### DATA SHOWN
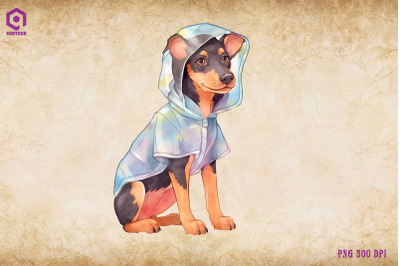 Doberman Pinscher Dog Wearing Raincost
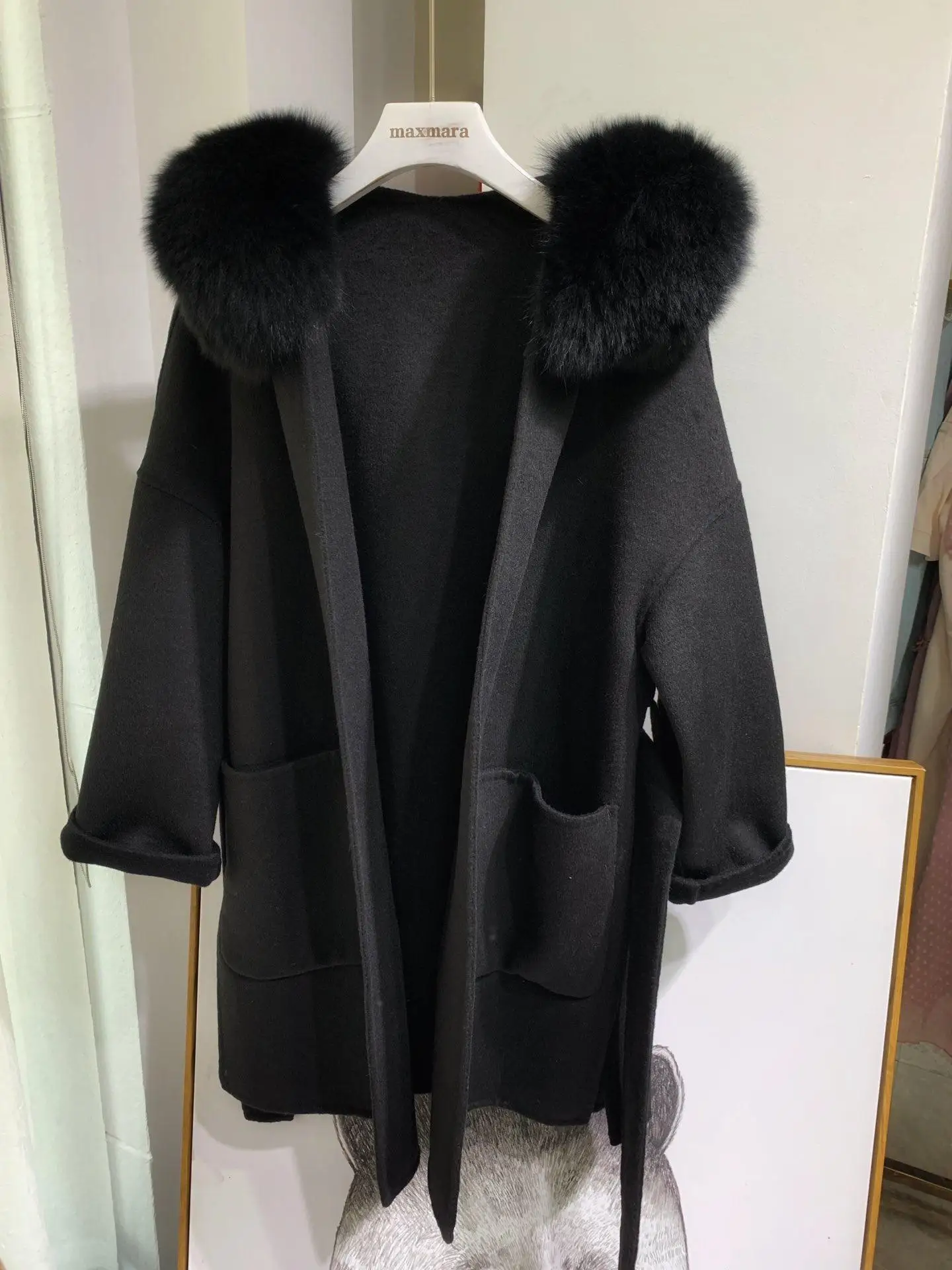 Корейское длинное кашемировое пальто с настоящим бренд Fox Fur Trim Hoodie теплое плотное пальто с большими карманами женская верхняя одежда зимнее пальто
* * *
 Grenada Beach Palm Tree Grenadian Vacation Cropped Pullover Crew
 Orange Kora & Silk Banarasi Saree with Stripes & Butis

### WORK INSTRUCTION
Up in the listing, locate the line with "Doberman Pinscher Dog Wearing Raincost"; print it and every line after it down to the line with "Корейское длинное кашемировое", which is included too. Skip the pictures.

### RESPONSE
 Doberman Pinscher Dog Wearing Raincost
 Корейское длинное кашемировое пальто с настоящим бренд Fox Fur Trim Hoodie теплое плотное пальто с большими карманами женская верхняя одежда зимнее пальто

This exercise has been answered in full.